A coherent work on two bands that were rarely anything but, this book is the first ever book dedicated exclusively to The Deviants/Pink Fairies family tree and is written with a thorough knowledge of its subjects. By not blindly overlooking or exaggerating the flaws or missteps that crossed the swerving paths of both bands (of which there were many) but through dedicated and thorough research, Deakin works up both a sense of the times and the chaotically-woven personal fabric of both bands into a consistent and engaging read.

Along with many previous unseen photographs, the author corrals together most of the facts, small tales, big myths, medium-sized yarns of humour, drug-induced mania and paranoia that remain burned into the collective memories of those responsible.

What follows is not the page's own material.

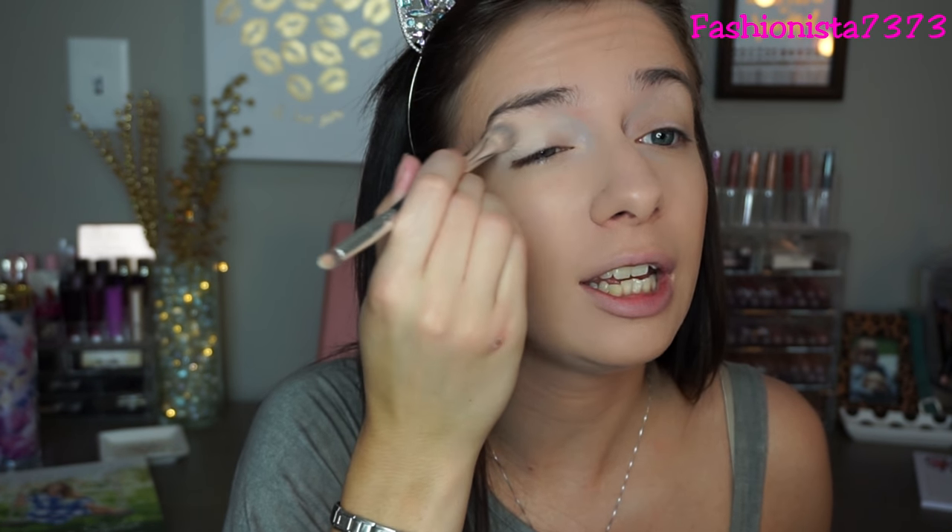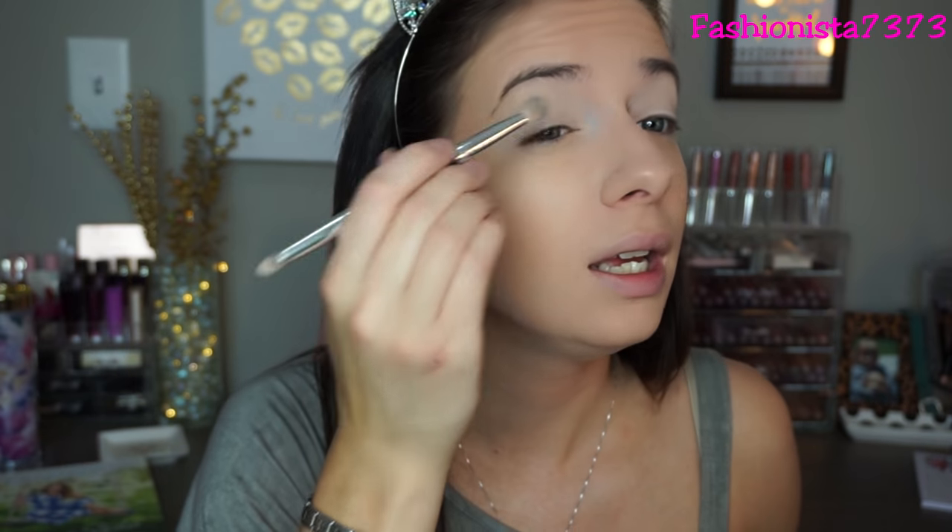Then I take the Wet n Wild single shadow in Creme Brulee and set the primer with that. This is literally what I do every single day - maybe the foundation changes once in a while, but for the eyes this is the only product I use. It makes me look more awake because it's a shade lighter than my normal skin tone and covers up all those veins. I feel so much better after doing that.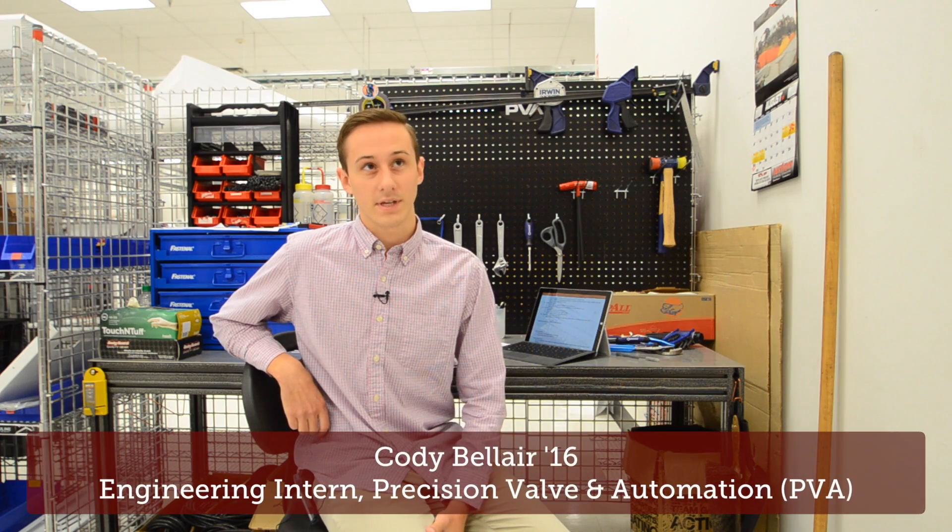At PVA I'm working on standardizing some of our building processes that every employee will follow, regardless of their background or how they've been taught.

In Mick Farren's introduction, he states exactly why the story of the Deviants' and Fairies' strange odyssey from the late sixties into the seventies remains so compelling to the present day: "The story you are about to read is neither one of triumph or tragedy. If it's about anything, it's the grim appreciation that one is keeping it real when reality is at its most elusive. Which, deep down, where the spirit survives, is what the hardest core of rock'n'roll is about." As a book on Rock'n'Roll, "Keep It Together" is a success. And one measure of that success is in the way it'll send you back to your music stack digging out "PTOOFF!" or "Kings of Oblivion" if you know these records -- or ordering them online immediately if you don't.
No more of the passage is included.